>>>>>
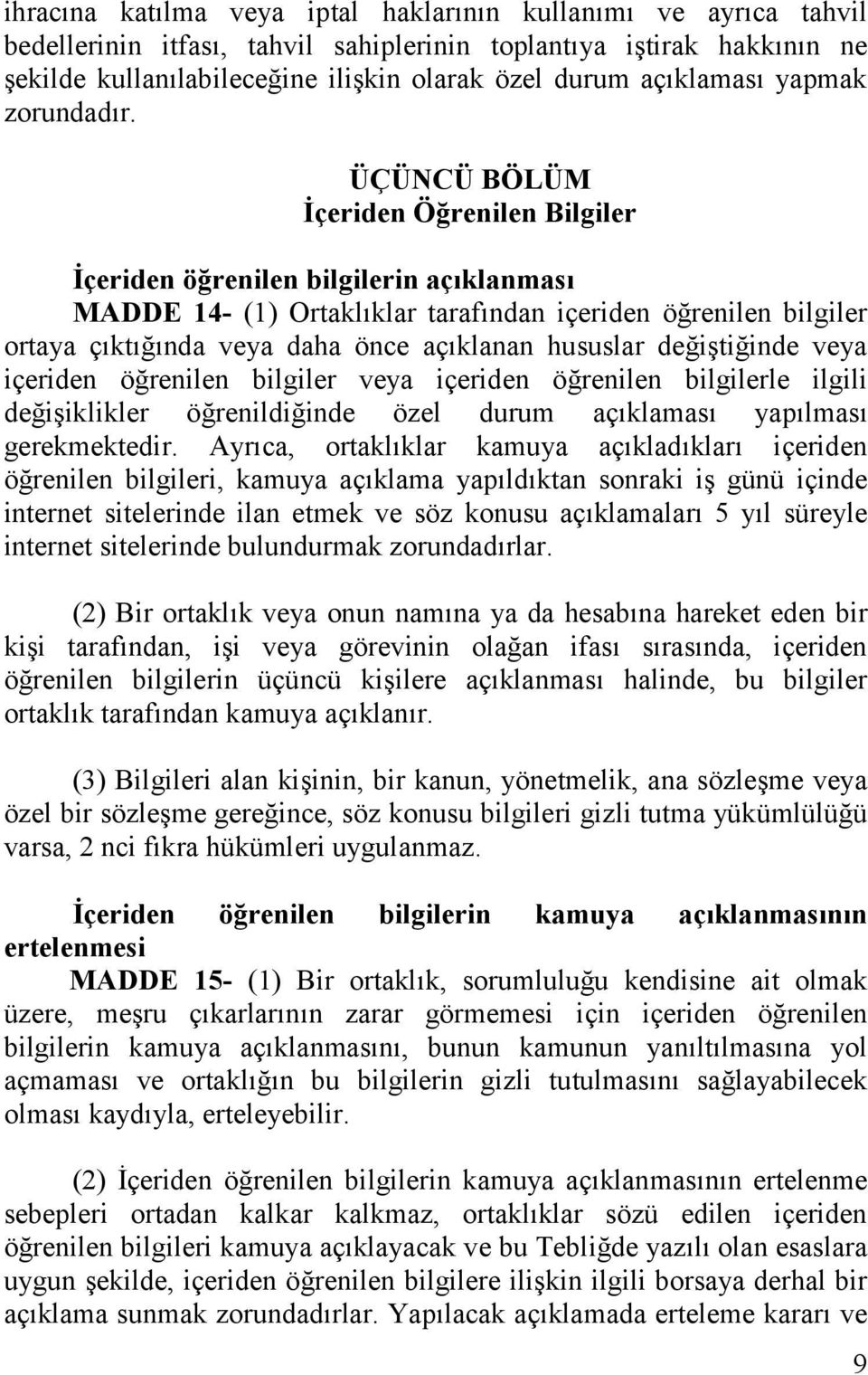 ÜÇÜNCÜ BÖLÜM İçeriden Öğrenilen Bilgiler İçeriden öğrenilen bilgilerin açıklanması MADDE 14- (1) Ortaklıklar tarafından içeriden öğrenilen bilgiler ortaya çıktığında veya daha önce açıklanan hususlar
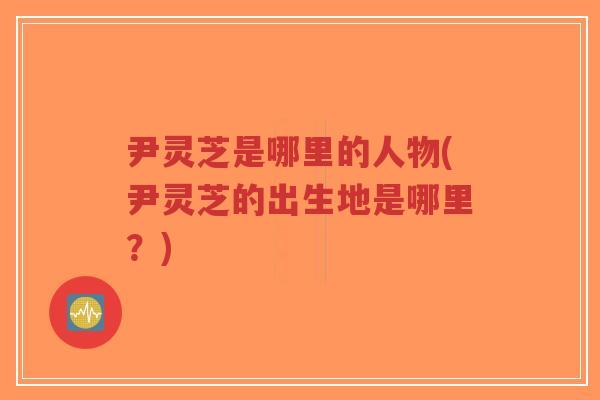 尹灵芝是哪里的人物(尹灵芝的出生地是哪里?)-第1张图片-超越 尹灵芝是哪里的人物(尹灵芝的出生地是哪里?)-第1张图片-超越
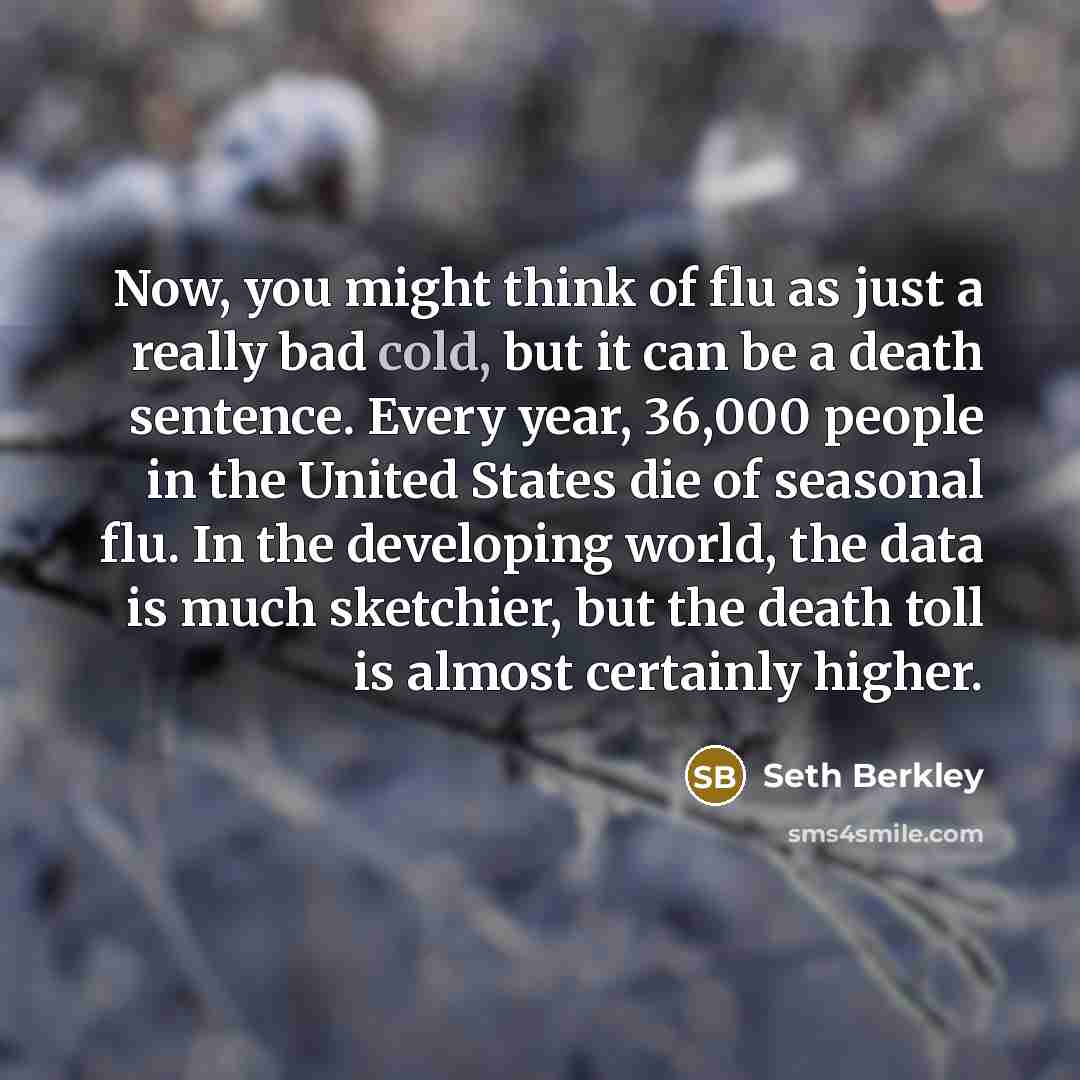“Now, you might think of flu as just a really…” quote by Seth Berkley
<<<<<
### ABOUT THIS EXERCISE
All of the material should be reproduced exactly, apart from the pictures.

### SOLUTION TO THE EXERCISE
 ÜÇÜNCÜ BÖLÜM İçeriden Öğrenilen Bilgiler İçeriden öğrenilen bilgilerin açıklanması MADDE 14- (1) Ortaklıklar tarafından içeriden öğrenilen bilgiler ortaya çıktığında veya daha önce açıklanan hususlar
 尹灵芝是哪里的人物(尹灵芝的出生地是哪里?)-第1张图片-超越 尹灵芝是哪里的人物(尹灵芝的出生地是哪里?)-第1张图片-超越
“Now, you might think of flu as just a really…” quote by Seth Berkley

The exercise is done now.